As dawn broke they glimpsed the compound for the first time. Nang glanced furtively past Y Bhur. He looked down. Not until they had reached a point only two or three meters from the bluff did any of them realize they had finished their night’s trek. They stood at the edge of a small cliff which formed one end barrier of the school. Ten feet below, and stretching for several hundred meters, Nang could see a huge, partially camouflaged compound sectioned like an egg crate into subcamps by high bamboo fences. The closest compound was empty except for a flagpole with a small red flag hanging limp. Other sections held a variety of buildings: one had small shells, another seemingly had longhouses and schools. Glimpses of hundreds of armed guards along the fences made him tremble.
A guard’s laugh tore him from the view. The guard laughed hysterically. Other guards were pointing to different boys and giggling mean giggles. They placed wagers—this one will break, this one will die, this one will be good fertilizer. More guards appeared. They were dressed in black with red- or green-striped kramas about their necks. They were more solemn though they too laughed menacingly. The guards of the night stood back and gave wide berth to the new squad. The conscripts, still tied in a wheel, sensed a new phase had begun.

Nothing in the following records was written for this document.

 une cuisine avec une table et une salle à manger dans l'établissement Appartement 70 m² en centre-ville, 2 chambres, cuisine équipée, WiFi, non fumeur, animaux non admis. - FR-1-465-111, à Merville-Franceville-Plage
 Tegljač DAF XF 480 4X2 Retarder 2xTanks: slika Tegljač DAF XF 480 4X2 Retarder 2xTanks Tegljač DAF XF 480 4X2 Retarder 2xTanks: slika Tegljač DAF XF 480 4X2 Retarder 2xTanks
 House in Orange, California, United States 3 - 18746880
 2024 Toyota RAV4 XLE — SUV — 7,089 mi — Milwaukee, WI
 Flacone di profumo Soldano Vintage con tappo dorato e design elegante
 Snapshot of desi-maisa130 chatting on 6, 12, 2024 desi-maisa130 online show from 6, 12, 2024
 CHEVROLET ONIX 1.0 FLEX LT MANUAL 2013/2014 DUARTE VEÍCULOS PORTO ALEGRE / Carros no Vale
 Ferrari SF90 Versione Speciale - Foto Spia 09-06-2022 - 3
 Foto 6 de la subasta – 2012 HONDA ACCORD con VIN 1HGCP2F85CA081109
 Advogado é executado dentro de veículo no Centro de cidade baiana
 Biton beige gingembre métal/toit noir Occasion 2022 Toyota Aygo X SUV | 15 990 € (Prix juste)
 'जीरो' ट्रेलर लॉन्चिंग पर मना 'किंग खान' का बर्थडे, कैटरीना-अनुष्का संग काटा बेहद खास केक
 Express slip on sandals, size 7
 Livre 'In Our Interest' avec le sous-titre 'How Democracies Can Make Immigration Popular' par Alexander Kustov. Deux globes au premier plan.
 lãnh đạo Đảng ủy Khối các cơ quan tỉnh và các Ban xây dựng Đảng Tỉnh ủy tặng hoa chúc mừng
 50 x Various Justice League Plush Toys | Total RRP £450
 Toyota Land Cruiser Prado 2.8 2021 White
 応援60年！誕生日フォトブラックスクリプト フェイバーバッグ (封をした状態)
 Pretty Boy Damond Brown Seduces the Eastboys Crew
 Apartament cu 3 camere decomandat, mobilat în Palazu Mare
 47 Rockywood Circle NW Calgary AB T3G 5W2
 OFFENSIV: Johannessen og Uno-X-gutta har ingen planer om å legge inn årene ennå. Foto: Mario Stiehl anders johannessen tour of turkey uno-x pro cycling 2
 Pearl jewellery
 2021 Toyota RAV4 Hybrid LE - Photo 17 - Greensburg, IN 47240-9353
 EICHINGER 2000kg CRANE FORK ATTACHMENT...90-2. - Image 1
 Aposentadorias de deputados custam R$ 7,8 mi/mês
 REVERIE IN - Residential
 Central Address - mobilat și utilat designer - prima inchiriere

One boy, the smallest, to Nang’s left, began sobbing. Nang jerked the hub, trying to shake the child. Two more black-clad guards appeared. Between them they carried a long, thick bamboo pole. They chuckled. The others laughed. The conscripts cowered, silent except for the littlest, spent, exhausted from days of fear and constant walking, and the night of the wheel. Nang knew what was coming. He sensed the meaning of the bluff even before the pole appeared, and he vowed inwardly to survive. The pole was placed tangentially against the circle, contacting at the waists of two boys with their backs to the bluff. The two touched by the pole stepped back, forcing the wheel to stumble a step closer to the edge. At each end of the pole, first one, then two, then three guards pushed the pole toward the small cliff. The wheel resisted. The guards pushed harder though not hard enough to force the wheel off the edge. Y Bhur faced the cliff. Below, the ground was barren red-orange hardpack. Nang, to his left, planted his heels as best he could. He crouched, pulled with his right hand, pushed with his left, trying to turn the circle. He did not want to be on the bottom when they hit. Y Bhur stood, offered little resistance. Some resisted violently, some spasmodically. The circle turned counterclockwise a full hour as the side opposite Nang fell back a step under the pressure of the pole. The guards giggled, keeping the pressure constant, not wanting to push the wheel over the cliff, which they could have easily done, but wanting to see the conscripts relent, slowly, to their sense of the inevitable. “Nooo,” the smallest boy wailed. “No-aaahh.” The far side stumbled back another step, the circle rotated. If the boy with his toes over the bluff’s edge was at twelve o’clock, Nang was at nine. He judged that to be a good position. The guards forced the pole another inch. The heels of the boy at twelve skidded to the edge, he straightened, the edge collapsed, his feet shot out, his arms snapped up as the hub resisted, then slowly the sides collapsed, accelerating, Y Bhur to his right knee, off, others, then all. The wheel slapped down, a rapid thudding and three loud cracks. Guards cheered. Then the moaning began.